A week after HP executives announced plans to buy the wireless network technology vendor, Aerohive officials unveiled a program called “Get Me Off This Island.” Through the sales promotion, Aerohive through the end of the year will offer Aruba customers discounts of up to 25 percent on purchases of Aerohive networking gear.
To be eligible for the program, businesses must have 25 or more Aruba access points installed at the time they order the Aerohive gear.
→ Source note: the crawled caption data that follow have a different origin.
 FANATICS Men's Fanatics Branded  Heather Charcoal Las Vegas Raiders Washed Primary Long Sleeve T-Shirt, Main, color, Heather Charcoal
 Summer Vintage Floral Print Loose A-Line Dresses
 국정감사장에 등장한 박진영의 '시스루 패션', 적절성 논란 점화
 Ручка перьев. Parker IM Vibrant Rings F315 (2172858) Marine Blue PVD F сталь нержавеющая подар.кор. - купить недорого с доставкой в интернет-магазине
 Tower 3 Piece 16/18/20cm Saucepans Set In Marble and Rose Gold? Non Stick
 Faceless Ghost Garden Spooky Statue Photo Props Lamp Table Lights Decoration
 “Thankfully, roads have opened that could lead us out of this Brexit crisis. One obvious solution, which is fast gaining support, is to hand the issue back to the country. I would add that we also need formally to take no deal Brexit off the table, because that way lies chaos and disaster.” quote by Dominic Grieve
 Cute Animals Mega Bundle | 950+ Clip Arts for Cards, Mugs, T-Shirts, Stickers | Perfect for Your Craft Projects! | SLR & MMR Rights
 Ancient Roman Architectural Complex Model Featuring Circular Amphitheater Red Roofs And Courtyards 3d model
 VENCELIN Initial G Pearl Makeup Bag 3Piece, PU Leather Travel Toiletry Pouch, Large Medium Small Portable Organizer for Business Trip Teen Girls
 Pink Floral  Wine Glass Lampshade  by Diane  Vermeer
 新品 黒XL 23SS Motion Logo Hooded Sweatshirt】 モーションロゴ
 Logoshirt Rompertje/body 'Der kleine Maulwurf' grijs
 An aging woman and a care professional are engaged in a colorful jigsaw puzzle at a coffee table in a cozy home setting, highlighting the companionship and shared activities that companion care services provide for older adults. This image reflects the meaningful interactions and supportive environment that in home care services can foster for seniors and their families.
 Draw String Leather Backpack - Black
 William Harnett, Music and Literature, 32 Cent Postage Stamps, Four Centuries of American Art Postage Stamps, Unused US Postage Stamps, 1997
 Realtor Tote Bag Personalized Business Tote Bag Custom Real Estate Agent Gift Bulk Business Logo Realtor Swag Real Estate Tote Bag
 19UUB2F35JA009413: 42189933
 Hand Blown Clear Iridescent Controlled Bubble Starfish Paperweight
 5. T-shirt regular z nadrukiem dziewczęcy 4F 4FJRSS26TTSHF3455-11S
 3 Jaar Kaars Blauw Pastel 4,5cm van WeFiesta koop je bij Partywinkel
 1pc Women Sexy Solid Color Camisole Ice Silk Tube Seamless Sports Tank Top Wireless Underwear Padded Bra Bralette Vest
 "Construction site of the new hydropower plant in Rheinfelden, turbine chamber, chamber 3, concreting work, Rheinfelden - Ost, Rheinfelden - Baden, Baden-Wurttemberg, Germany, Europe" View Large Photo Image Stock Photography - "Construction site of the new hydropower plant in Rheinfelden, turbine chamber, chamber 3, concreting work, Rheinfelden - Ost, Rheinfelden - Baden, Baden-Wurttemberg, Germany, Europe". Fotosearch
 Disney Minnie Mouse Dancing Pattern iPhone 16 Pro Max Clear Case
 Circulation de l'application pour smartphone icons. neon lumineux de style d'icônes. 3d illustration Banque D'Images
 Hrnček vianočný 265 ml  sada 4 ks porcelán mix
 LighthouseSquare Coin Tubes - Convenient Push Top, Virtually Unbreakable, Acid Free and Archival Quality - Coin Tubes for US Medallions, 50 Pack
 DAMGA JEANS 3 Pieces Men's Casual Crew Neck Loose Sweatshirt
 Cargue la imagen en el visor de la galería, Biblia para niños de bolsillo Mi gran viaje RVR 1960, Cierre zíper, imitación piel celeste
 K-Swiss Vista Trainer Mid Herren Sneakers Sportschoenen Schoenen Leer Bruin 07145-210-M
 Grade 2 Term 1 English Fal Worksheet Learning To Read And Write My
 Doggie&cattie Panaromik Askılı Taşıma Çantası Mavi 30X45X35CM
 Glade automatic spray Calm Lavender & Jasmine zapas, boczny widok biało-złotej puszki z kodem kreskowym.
In addition, they must submit a decommissioning statement confirming that their Aruba access points are no longer being used, according to Aerohive officials.
Soon after HP announced the deal March 2, Aerohive CEO David Flynn said customers could suffer as HP works to absorb Aruba.
“Merging two companies is complicated, and inevitably slows down product development, breaks partnerships and creates headaches for customers,” Flynn said in a statement sent to media outlets. “Meanwhile, we’ll keep focusing on innovation, advancing our technology, expanding our ecosystems, and bringing better wireless and better intelligence to our customers.”
In a keynote at Aruba’s Atmosphere 2015 user conference the day after the HP announcement, Aruba CEO Dominci Orr warned users that they would be inundated by competitors looking to sow seeds of doubt about the deal. Orr told them that Aruba, under HP, would continue to innovate and continue put customers needs first.
“Our primary focus is to continue to excel … in this enterprise wireless networking space,” the CEO said, noting that after the deal closes, he and Keerti Melkote, Aruba’s co-founder and chief strategy and technology officer, will run HP’s networking business, ensuring leadership stability. “You have my word that we will not limit your choice of wireless products.”
HP CEO Meg Whitman also tried to put any concerned users at ease, telling them that “the strategic intent is to allow Aruba to prosper and scale.”
Aerohive wasn’t the only Aruba competitor to warn customers about the deal. In an email in late February, when rumors first surfaced about a potential deal, CEO Shane Buckley said the “acquisition will likely have an impact on both vendors’ WiFi product portfolios, which may cause disruptions to existing customers.”